EXERCISE MATERIALS →
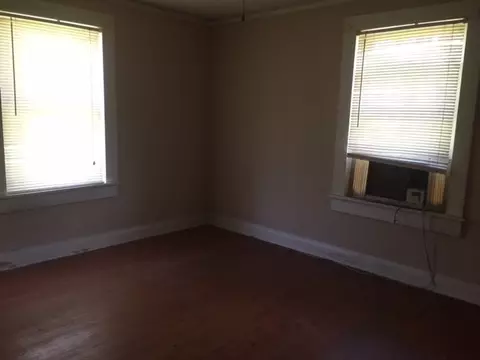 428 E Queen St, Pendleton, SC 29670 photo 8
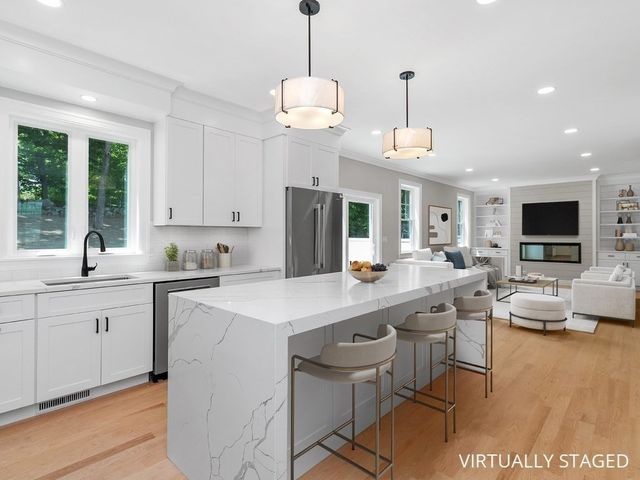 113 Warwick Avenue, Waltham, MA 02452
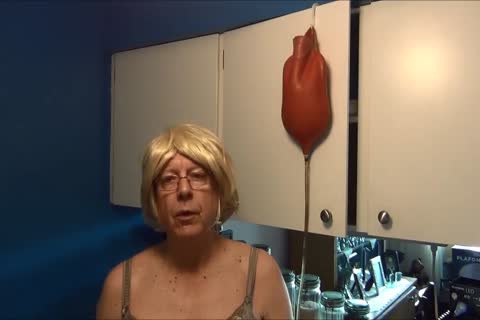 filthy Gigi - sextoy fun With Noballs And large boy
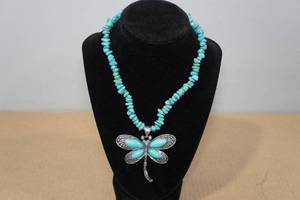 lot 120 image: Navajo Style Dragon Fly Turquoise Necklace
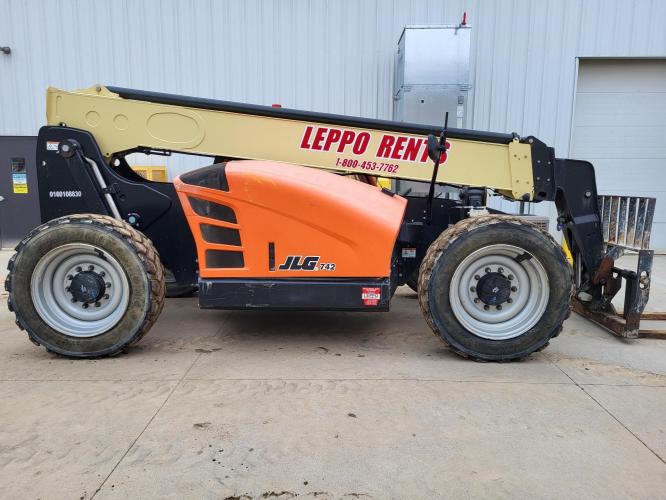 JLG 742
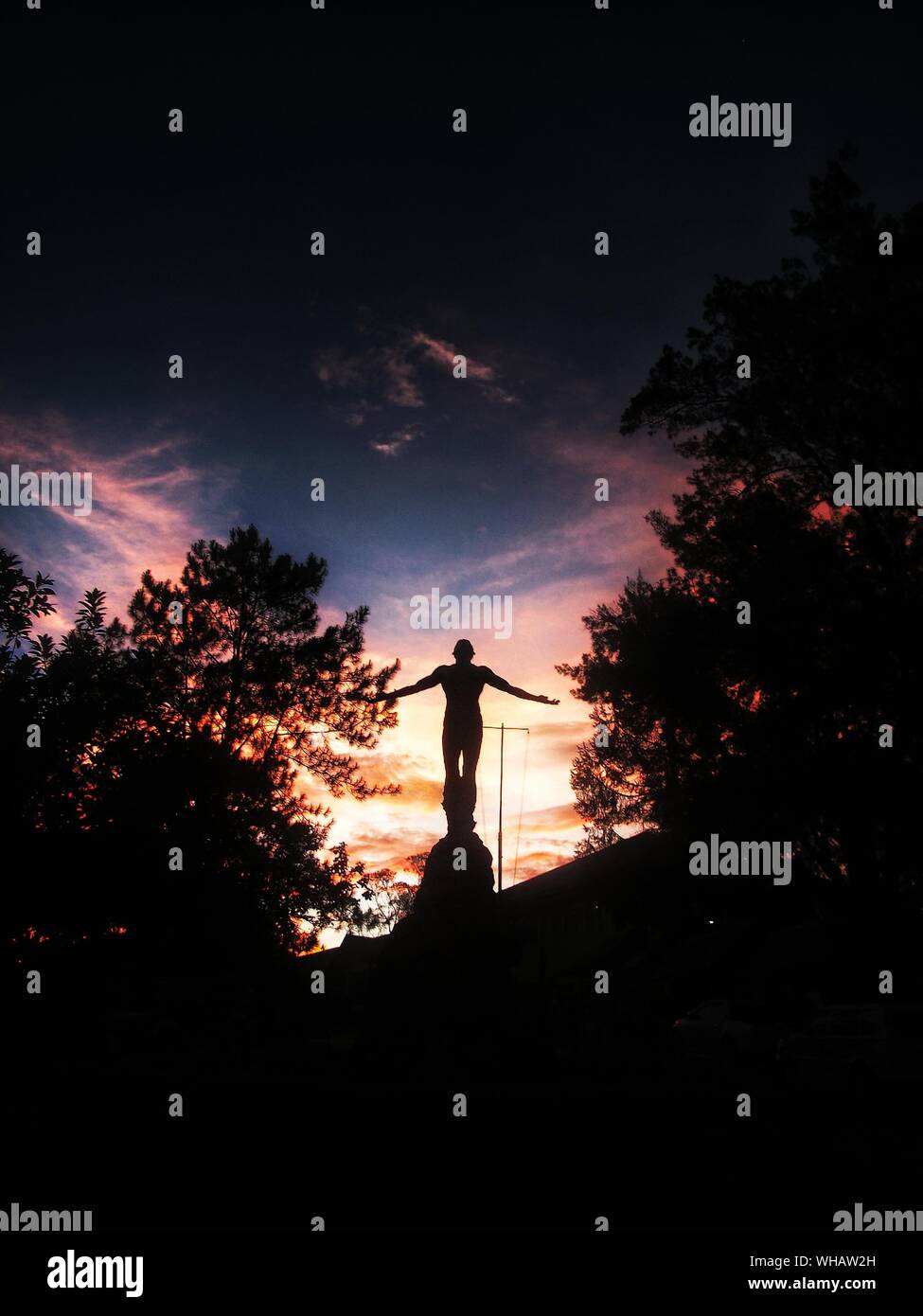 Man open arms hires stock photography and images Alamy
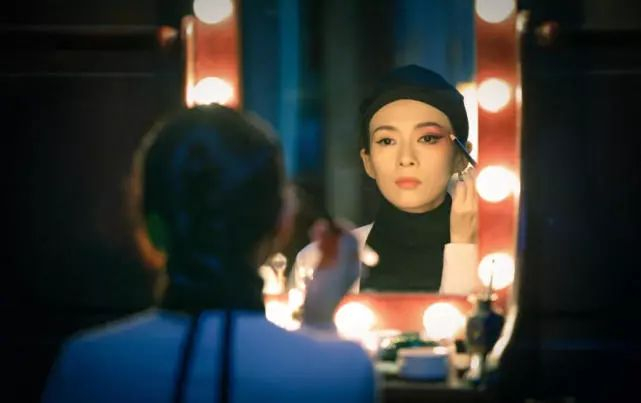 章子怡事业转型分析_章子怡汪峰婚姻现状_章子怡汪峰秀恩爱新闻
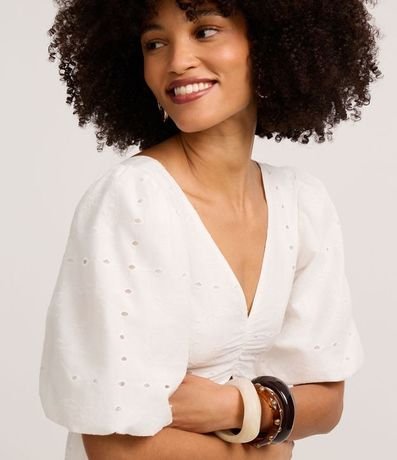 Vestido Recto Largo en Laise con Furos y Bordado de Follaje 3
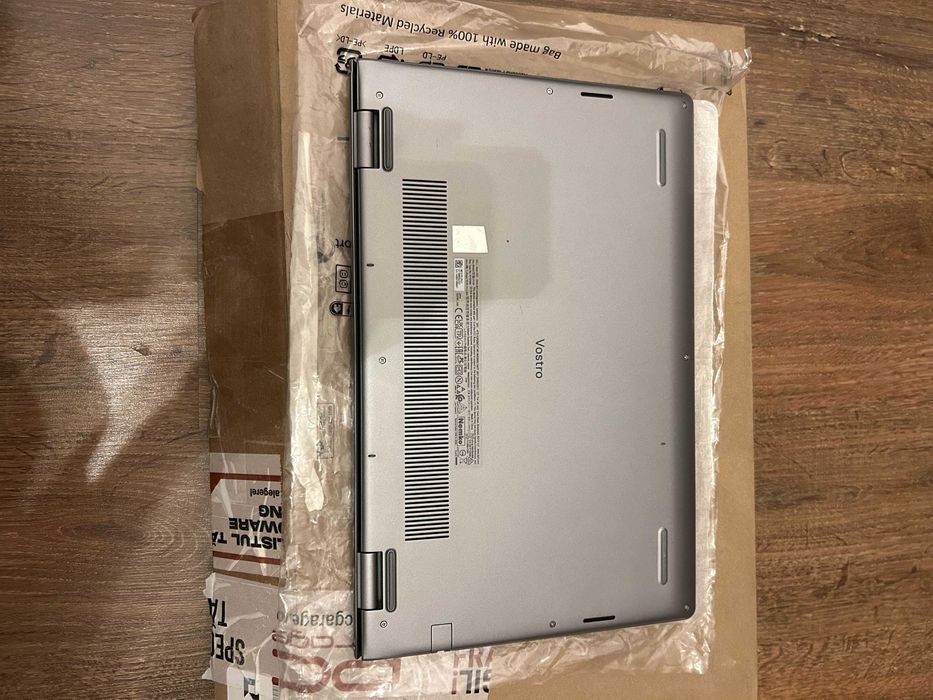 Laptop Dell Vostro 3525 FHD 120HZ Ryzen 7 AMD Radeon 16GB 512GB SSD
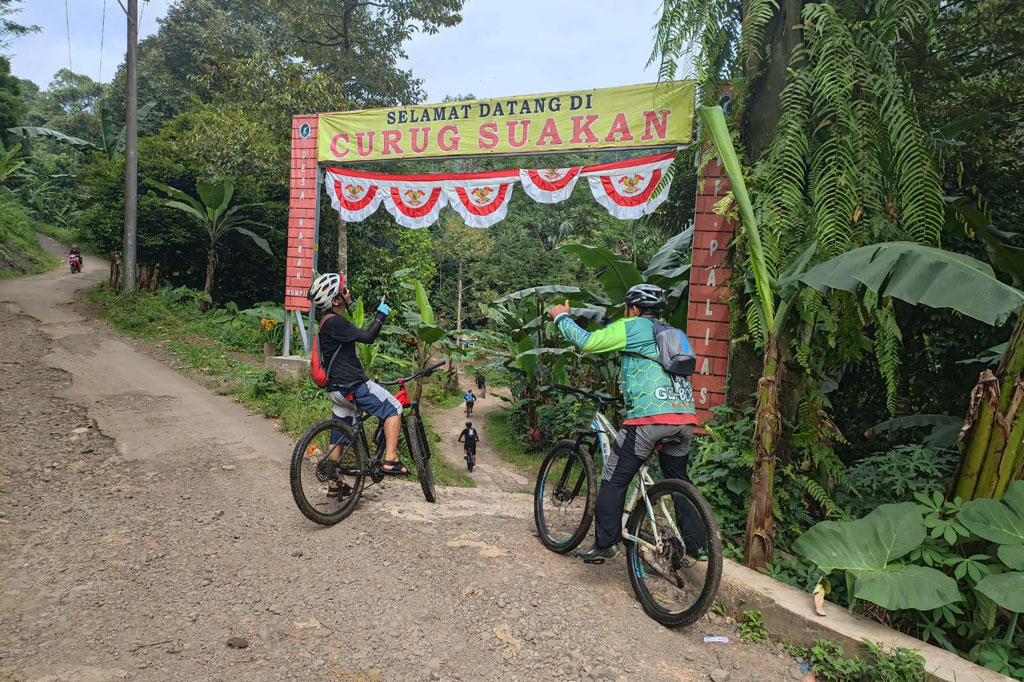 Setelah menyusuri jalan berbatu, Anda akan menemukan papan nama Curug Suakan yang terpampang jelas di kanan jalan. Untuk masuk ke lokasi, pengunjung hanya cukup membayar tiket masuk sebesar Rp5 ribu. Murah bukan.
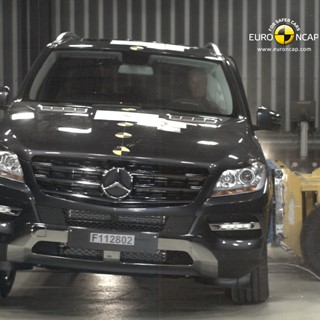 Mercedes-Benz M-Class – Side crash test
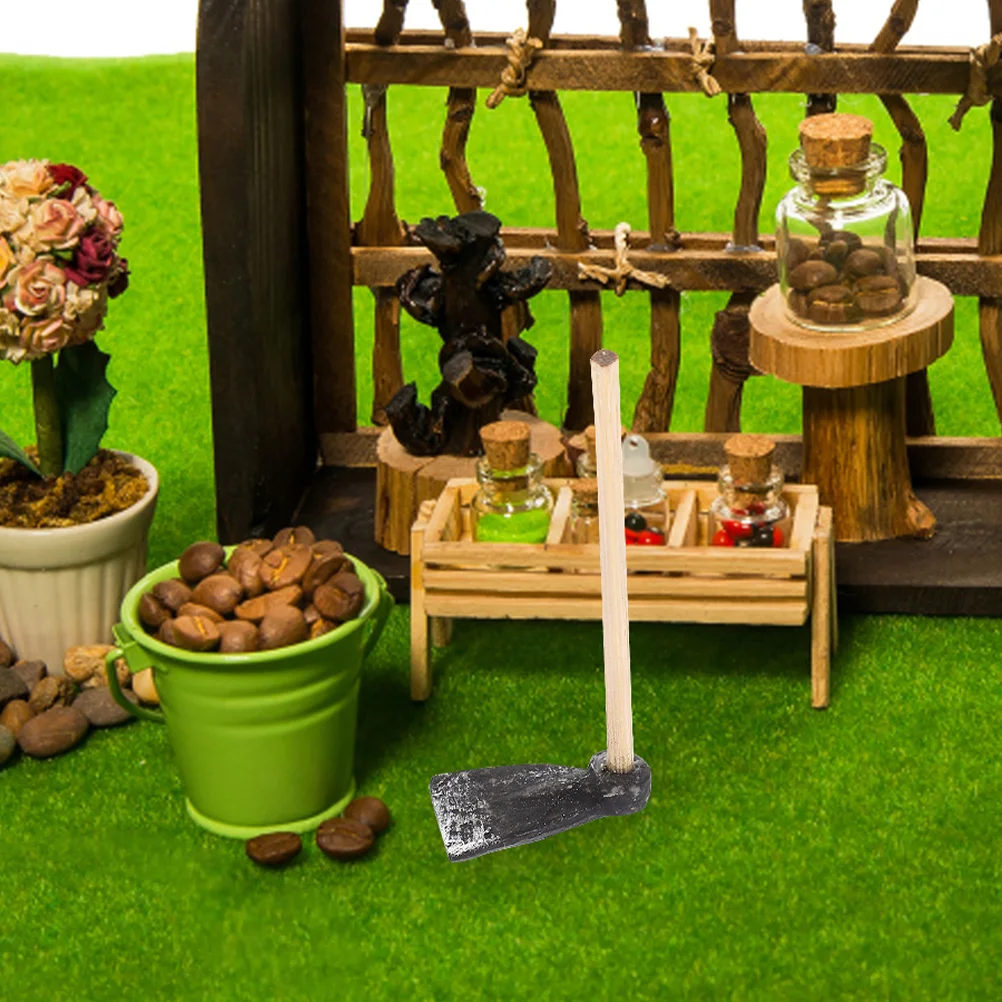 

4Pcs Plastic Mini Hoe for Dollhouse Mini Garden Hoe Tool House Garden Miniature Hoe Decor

INSTRUCTIONS FOR THE TASK → Once more, please print the whole listing exactly, omitting each image.

ANSWER AREA →
 428 E Queen St, Pendleton, SC 29670 photo 8
 113 Warwick Avenue, Waltham, MA 02452
 filthy Gigi - sextoy fun With Noballs And large boy
 lot 120 image: Navajo Style Dragon Fly Turquoise Necklace
 JLG 742
 Man open arms hires stock photography and images Alamy
 章子怡事业转型分析_章子怡汪峰婚姻现状_章子怡汪峰秀恩爱新闻
 Vestido Recto Largo en Laise con Furos y Bordado de Follaje 3
 Laptop Dell Vostro 3525 FHD 120HZ Ryzen 7 AMD Radeon 16GB 512GB SSD
 Setelah menyusuri jalan berbatu, Anda akan menemukan papan nama Curug Suakan yang terpampang jelas di kanan jalan. Untuk masuk ke lokasi, pengunjung hanya cukup membayar tiket masuk sebesar Rp5 ribu. Murah bukan.
 Mercedes-Benz M-Class – Side crash test

4Pcs Plastic Mini Hoe for Dollhouse Mini Garden Hoe Tool House Garden Miniature Hoe Decor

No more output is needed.